- _DIRECTIONS FOR THIS TASK_
For the material below, the expected output is exactly the lines between the line holding "Gemstone Bath Bomb" and the line holding "Dessous-de-verre La maison", inclusive, with pictures left out.

- _PROVIDED ENTRIES_

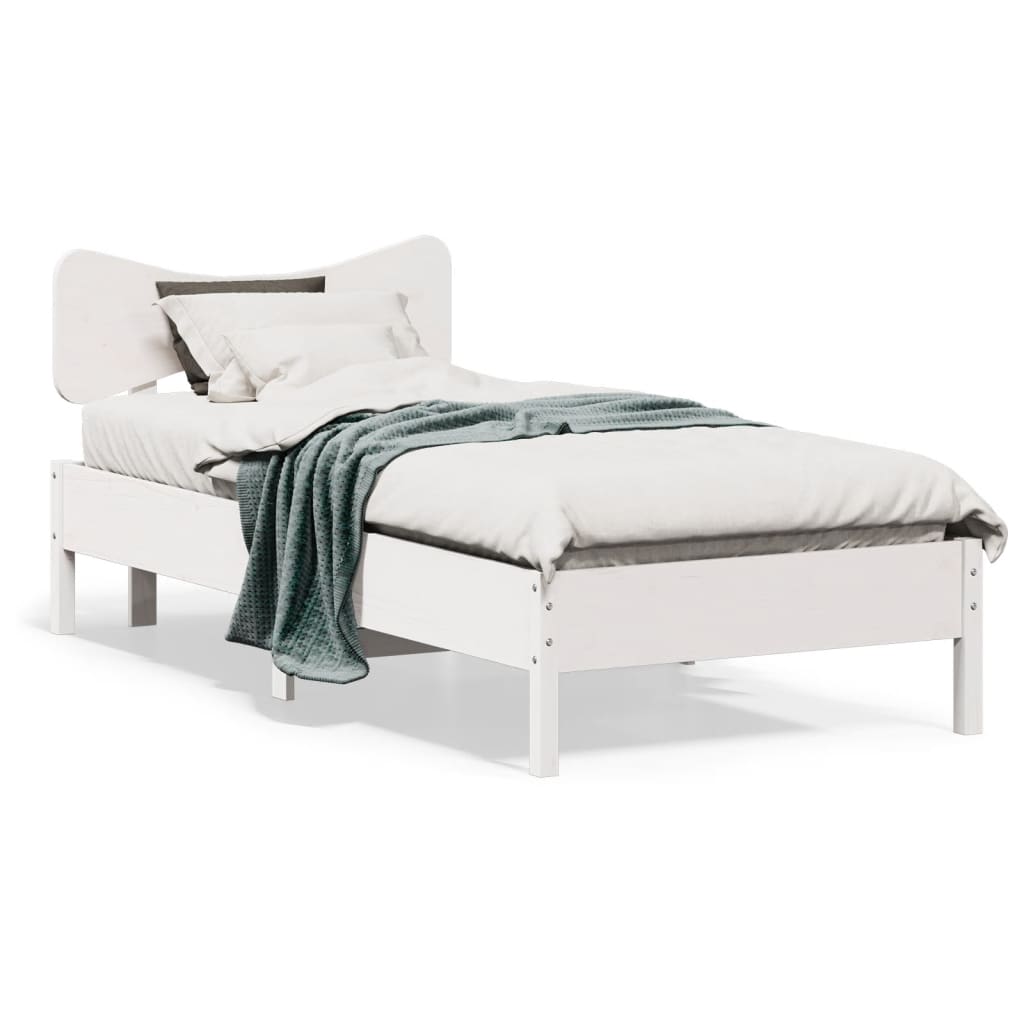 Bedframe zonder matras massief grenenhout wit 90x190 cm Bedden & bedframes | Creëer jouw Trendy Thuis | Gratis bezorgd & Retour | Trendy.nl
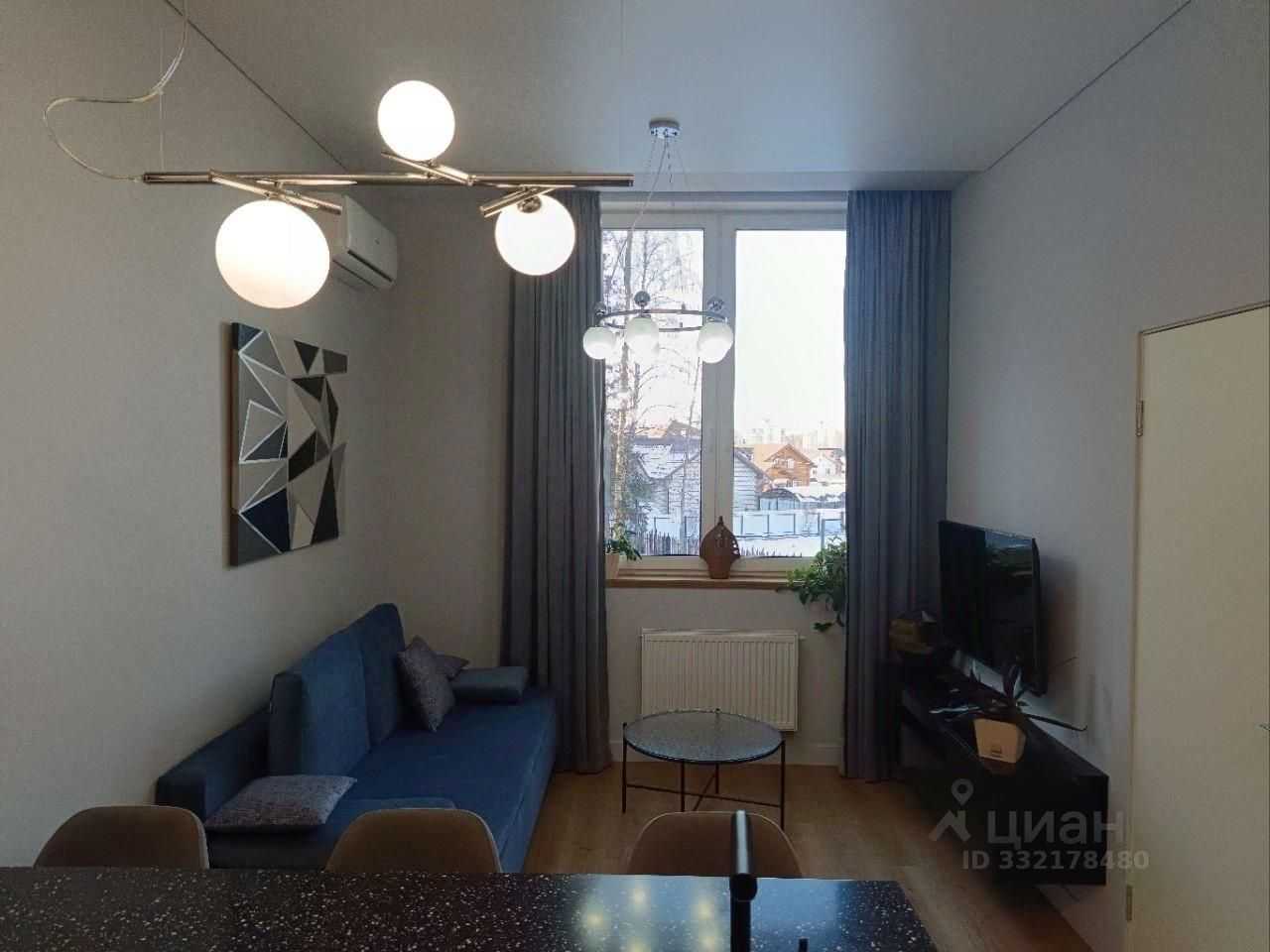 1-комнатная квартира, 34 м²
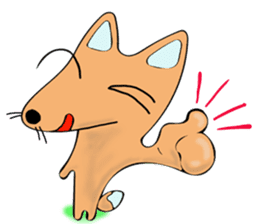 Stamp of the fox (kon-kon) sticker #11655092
...
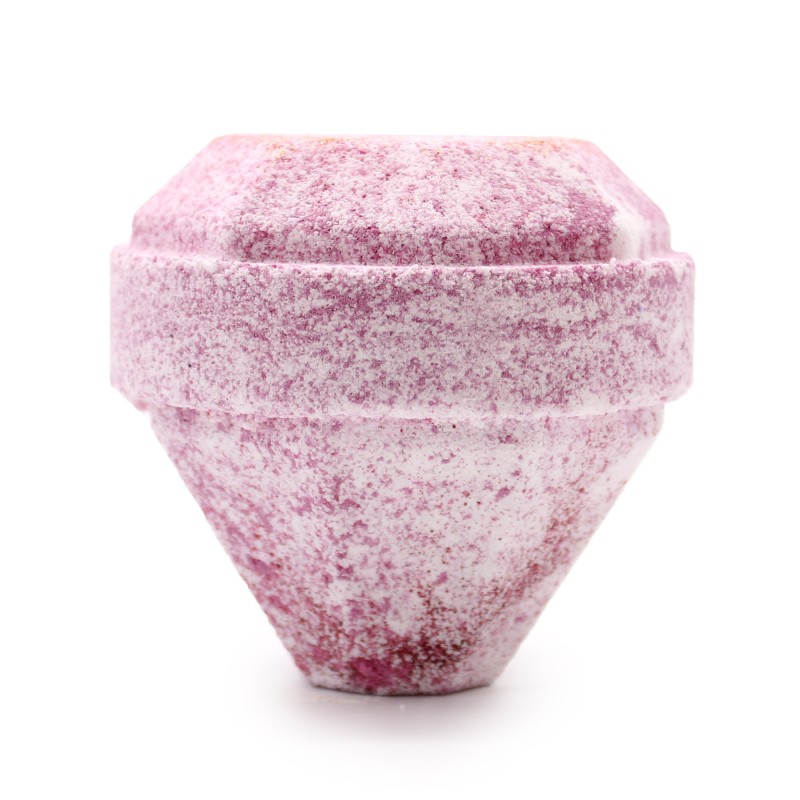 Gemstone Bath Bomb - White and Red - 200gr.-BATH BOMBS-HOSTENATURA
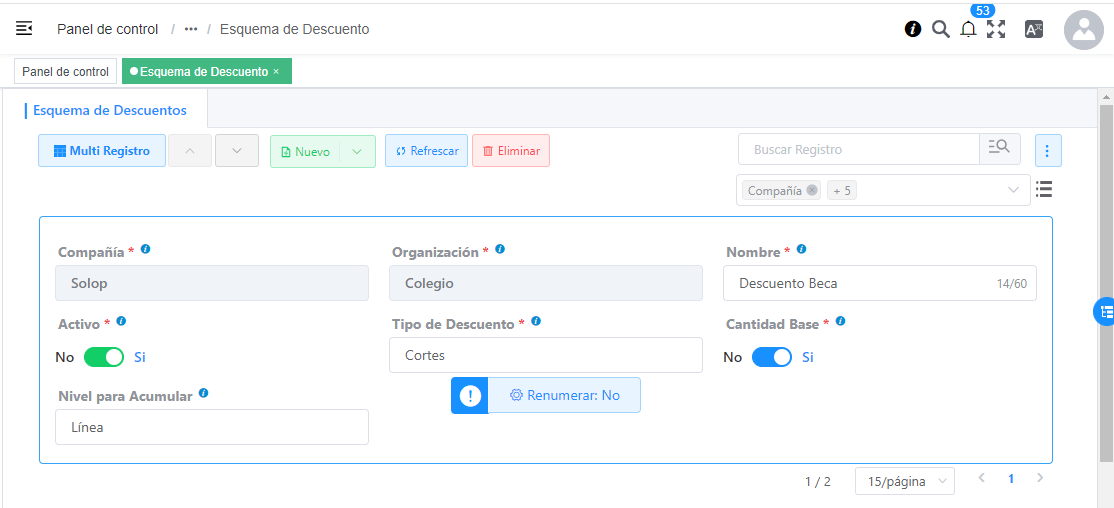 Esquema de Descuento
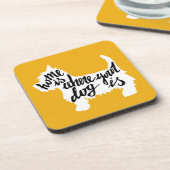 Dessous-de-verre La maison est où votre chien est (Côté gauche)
---
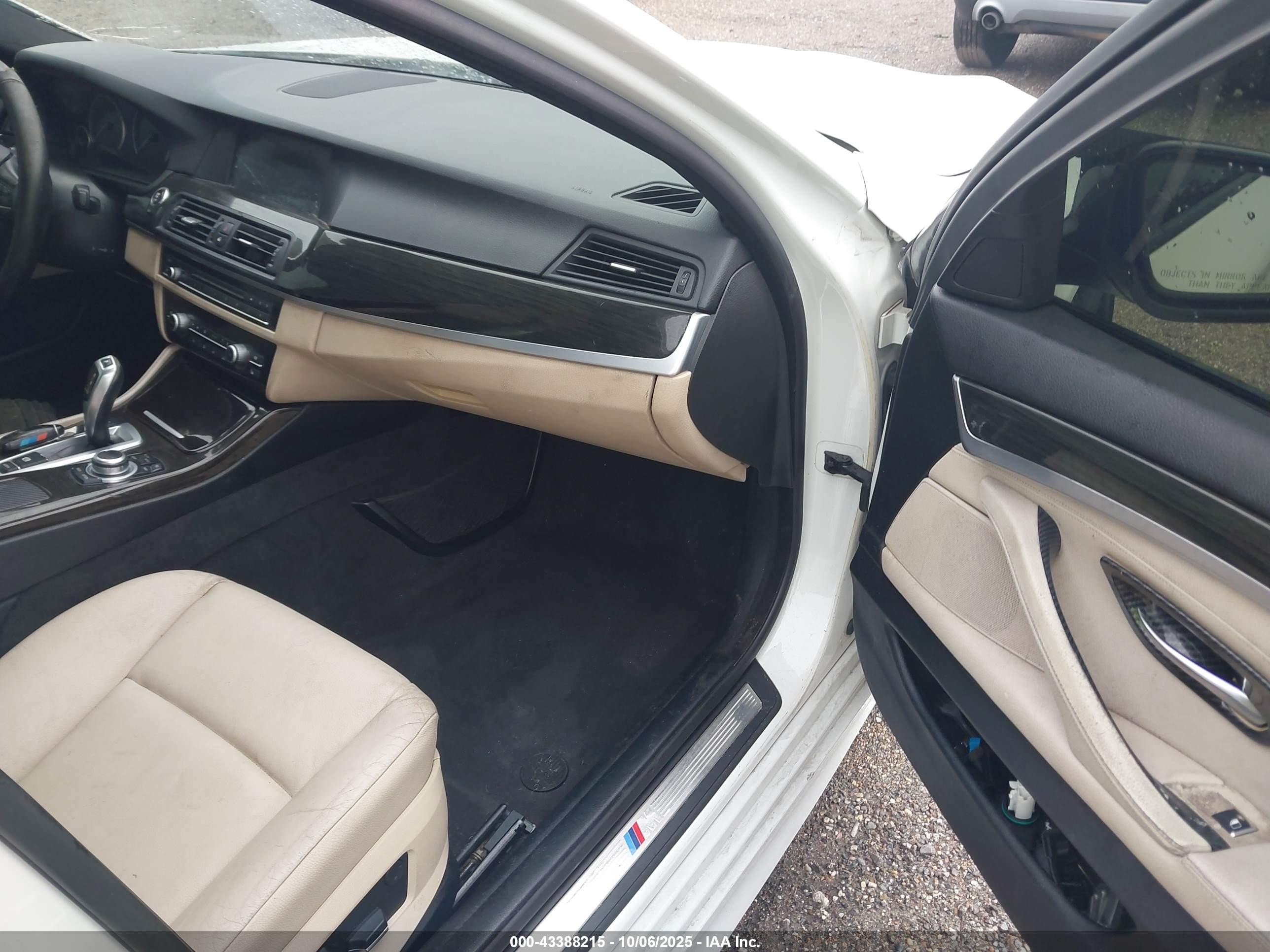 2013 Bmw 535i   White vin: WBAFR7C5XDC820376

- _ANSWER BELOW_
 Gemstone Bath Bomb - White and Red - 200gr.-BATH BOMBS-HOSTENATURA
 Esquema de Descuento
 Dessous-de-verre La maison est où votre chien est (Côté gauche)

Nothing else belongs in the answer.